In lieu of opening Palin to regular questioning from the press corps, of the sort the other three candidates have all undergone many times before, the McCain campaign is helpfully leaking positive appraisals of her studiousness. "Despite the worries, [Palin] struck many campaign officials as more calm and cerebral than expected," reported Newsweek. "She was quick to ask questions, and to 'engage in a back and forth' with briefers." See, the McCain campaign says she's on the ball. That settles it, right?

But, somewhere in the recesses of my mind, this admiring appraisal of the prospective veep's intellect struck a familiar chord. With a quick search, I discovered that, indeed, the same was said of Dan Quayle in 1988. Twenty years ago, The Washington Post reported, "Bush aides, who were getting their first in- depth exposure to Quayle, were impressed by his attention span, the quality of his questions and the facility with which he moved through the agenda."

Other parallels stood out as well. Conservatives received Quayle's selection rapturously. L. Brent Bozell pronounced himself "ecstatic," and Jerry Falwell called the surprise pick "a stroke of genius." After a media frenzy, Quayle's speech was well-received. The convention hall burst into cheers of "We want Dan!" NBC anchor Tom Brokaw said that Quayle executed "flawlessly," and CBS's Bruce Morton called it "a good speech."
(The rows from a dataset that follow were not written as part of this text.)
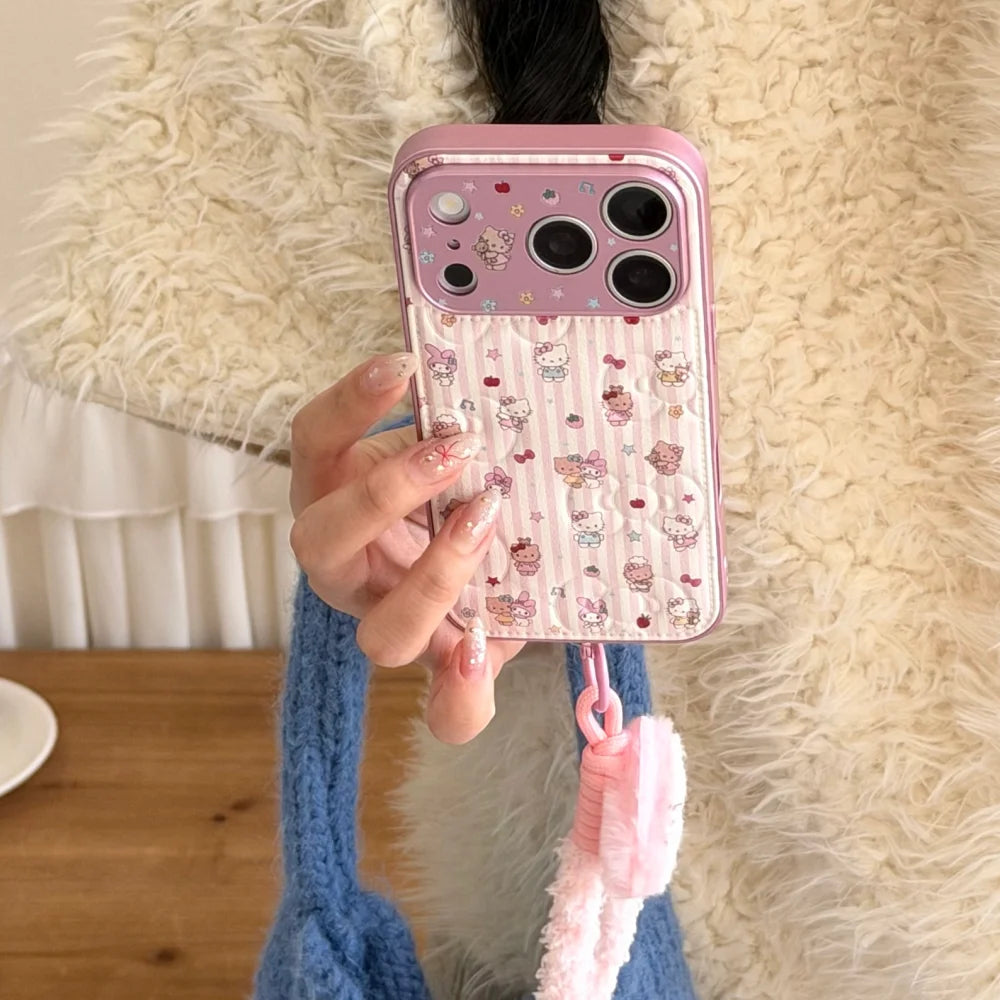 Cute Melody Kitty Fashion Leather Phone Case For iPhone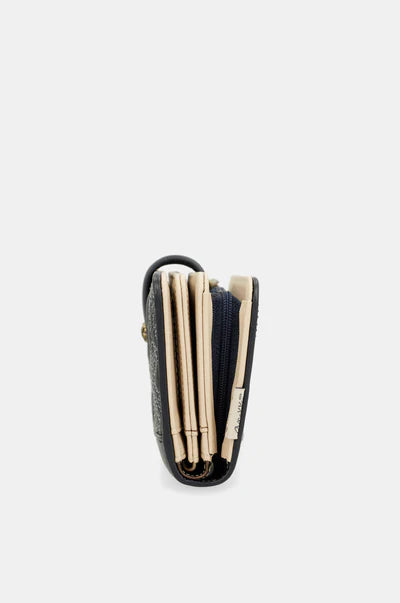 Portafoglio medio Anekke Contemporary con chiusura a clip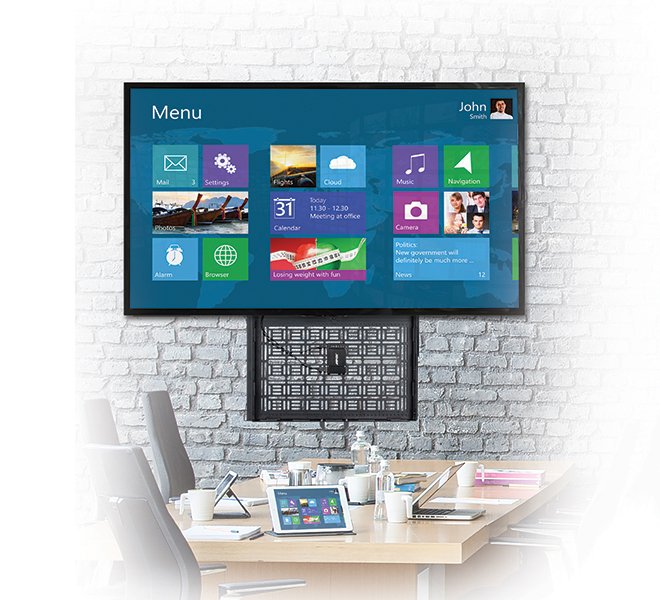 Soporte B-Tech Bt8226 Para Monitor 165,1 Cm [65] Negro Pared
Questions about Quayle's readiness remained, but he did his best to turn them into elite condescension toward small-town America. Quayle, in his acceptance speech, spoke movingly about the small towns in Indiana where he had grown up, and he later disparaged Dukakis for "sneer[ing] at common sense advice, Midwestern advice."

Today, Quayle is remembered as a disaster. But, during the campaign, his supporters believed that media skepticism of Quayle had rallied ordinary Americans to his side. Dukakis "looks down on his fellow Americans. He looks down on Bush and Dan Quayle as--in his word--'pathetic,'" wrote right-wing columnist Michael Novak. "Thus, the 'feeding frenzy' of the press in New Orleans stirred a national backlash. It united all the scorned of America as one."

Conservatives are saying the same things about Palin. "Elite opinion," insisted McCain strategist Steve Schmidt, "looks down with contempt at people who are not part of their world." As Palin herself said, "If you're not a member in good standing of the Washington elite, then some in the media consider a candidate unqualified for that reason alone." To the right, the mere fact that the press questions her fitness proves that she is one of them.

As the original rationales for Palin melt away, this bond has become unshakable. Her lack of qualifications turns out to be her greatest qualification.

Jonathan Chait is a senior editor at The New Republic.